From 5b604e61078a777195e7394587f3d2b9af433b79 Mon Sep 17 00:00:00 2001
From: Al Cutter <al@google.com>
Date: Mon, 22 Jul 2024 17:26:37 +0100
Subject: [PATCH] Add POSIX design overview

---
 storage/posix/DESIGN.md | 43 +++++++++++++++++++++++++++++++++++++++++
 1 file changed, 43 insertions(+)
 create mode 100644 storage/posix/DESIGN.md

diff --git a/storage/posix/DESIGN.md b/storage/posix/DESIGN.md
new file mode 100644
index 00000000..a41a3005
--- /dev/null
+++ b/storage/posix/DESIGN.md
@@ -0,0 +1,43 @@
+# POSIX Design
+
+This document describes how the storage implementation for running Tessera on a POSIX-compliant filesystem
+is intended to work.
+
+## Overview
+
+POSIX provides for a small number of atomic operations on compliant filesystems.
+
+This design leverages those to safely maintain a Merkle tree log on disk, in a format
+which can be exposed directly via a read-only endpoint to clients of the log (for example,
+using `nginx` or similar).
+
+In contrast with some of other other storage backends, sequencing and integration of entries into
+the tree is synchronous.
+
+## Life of a leaf
+
+In the description below, when we talk about writing to files - either appending or creating new ones,
+the _actual_ process used always follows the following pattern:
+1. Create a temporary file on the same filesystem as the target location
+1. If we're appening data, copy the contents of the prefix location into the temporary file
+1. Write any new/additional data into the temporary file
+1. Close the temporary file
+1. Rename the temporary file into the target location.
+
+The final step in the dance above is atomic according to the POSIX spec, so in performing this sequence
+of actions we can avoid corrupt or partially written files being part of the tree.
+
+1. Leaves are submitted by the binary built using Tessera via a call the storage's `Add` func.

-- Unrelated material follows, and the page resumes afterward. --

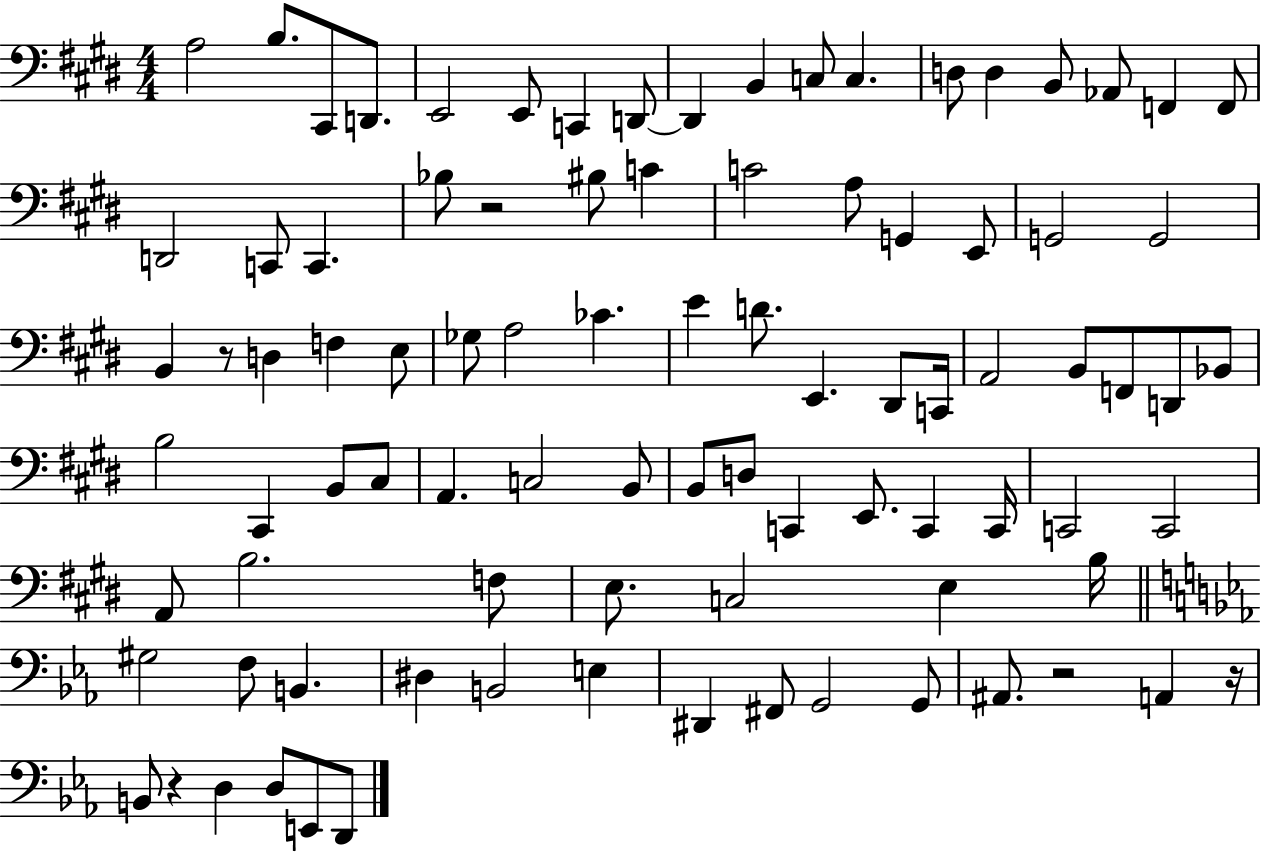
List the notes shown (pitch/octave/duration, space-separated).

A3/h B3/e. C#2/e D2/e. E2/h E2/e C2/q D2/e D2/q B2/q C3/e C3/q. D3/e D3/q B2/e Ab2/e F2/q F2/e D2/h C2/e C2/q. Bb3/e R/h BIS3/e C4/q C4/h A3/e G2/q E2/e G2/h G2/h B2/q R/e D3/q F3/q E3/e Gb3/e A3/h CES4/q. E4/q D4/e. E2/q. D#2/e C2/s A2/h B2/e F2/e D2/e Bb2/e B3/h C#2/q B2/e C#3/e A2/q. C3/h B2/e B2/e D3/e C2/q E2/e. C2/q C2/s C2/h C2/h A2/e B3/h. F3/e E3/e. C3/h E3/q B3/s G#3/h F3/e B2/q. D#3/q B2/h E3/q D#2/q F#2/e G2/h G2/e A#2/e. R/h A2/q R/s B2/e R/q D3/q D3/e E2/e D2/e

+1. The storage library batches these entries up, and, after a configurable period of time has elapsed
+   or the batch reaches a configurable size threshold, the batch is sequenced and integrated into the tree:
+   1. An advisory lock is taken on a file adjacent to the `checkpoint` file
+      This helps prevent multiple frontends from stepping on each other, but isn't necesary for safety.
+   1. Flushed entries are assigned contiguous sequence numbers, and written out into entry bundle files.
+   1. Integrate newly added leaves into Merkle tree, and write tiles out as files.
+   1. Update `checkpoint` file with new state.
+
+## Filesystems
+
+This implementation has been somewhat tested on both a local `ext4` filesystem and on a distributed
+[CephFS](https://docs.ceph.com/en/reef/cephfs/) instance on GCP, in both cases with multiple
+personality binaries attempting to add new entries concurrently.